A nanoscale approach for the characterization of amorphous carbon-based lubricant coatings

The development of advanced materials providing new functionalities and improved performance is strongly sustained on the understanding of their structure and chemical composition at the nanoscale. For tribological applications, amorphous carbonaceous films (a-C, a-C:H, DLC, CNx) are a noteworthy example of thin films whose lubricant properties can be varied over a wide range of structures and compositions. Therefore, an appropriated knowledge about their particular structure is necessary to understand the physico–chemical phenomena appearing at the contact surfaces in relative motion and its influence on the friction behavior. However, the characterization of these coatings is complicated, mainly due to the absence of a reference compound, to the lack of long-range order, and to the poor knowledge about their bonding structure.
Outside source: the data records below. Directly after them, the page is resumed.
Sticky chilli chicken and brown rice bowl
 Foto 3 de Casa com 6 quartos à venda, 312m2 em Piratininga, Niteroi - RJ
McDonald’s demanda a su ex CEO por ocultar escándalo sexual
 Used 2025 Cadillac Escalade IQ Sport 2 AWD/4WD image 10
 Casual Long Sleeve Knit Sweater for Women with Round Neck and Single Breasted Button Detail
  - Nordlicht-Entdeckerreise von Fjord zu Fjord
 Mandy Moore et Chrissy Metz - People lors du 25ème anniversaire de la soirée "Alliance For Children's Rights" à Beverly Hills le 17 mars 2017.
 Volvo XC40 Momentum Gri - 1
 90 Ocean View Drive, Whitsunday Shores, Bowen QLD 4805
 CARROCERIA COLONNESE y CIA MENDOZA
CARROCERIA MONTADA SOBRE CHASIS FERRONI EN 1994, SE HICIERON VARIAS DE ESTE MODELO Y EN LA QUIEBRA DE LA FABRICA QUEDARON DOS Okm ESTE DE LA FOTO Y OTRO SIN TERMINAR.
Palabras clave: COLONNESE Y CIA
In this paper, we report different examples of nanometer-scale characterization on amorphous carbon-based thin films (CNx, Si–CNx and TiC/a-C) with different experimental tools (e.g. energy filtered transmission electron microscopy (EFTEM); electron energy-loss spectroscopy (EELS); nuclear magnetic resonance (NMR); friction force microscopy (FFM)) that provide information about fine structural aspects and local atomic environment with high lateral resolution. The employment of surface-sensitive techniques as X-ray photoelectron spectroscopy (XPS) and Auger electron spectroscopy (AES) is also presented as a very useful route to investigate the nature of the processes induced in the counterfaces and the interpretation of the tribological response.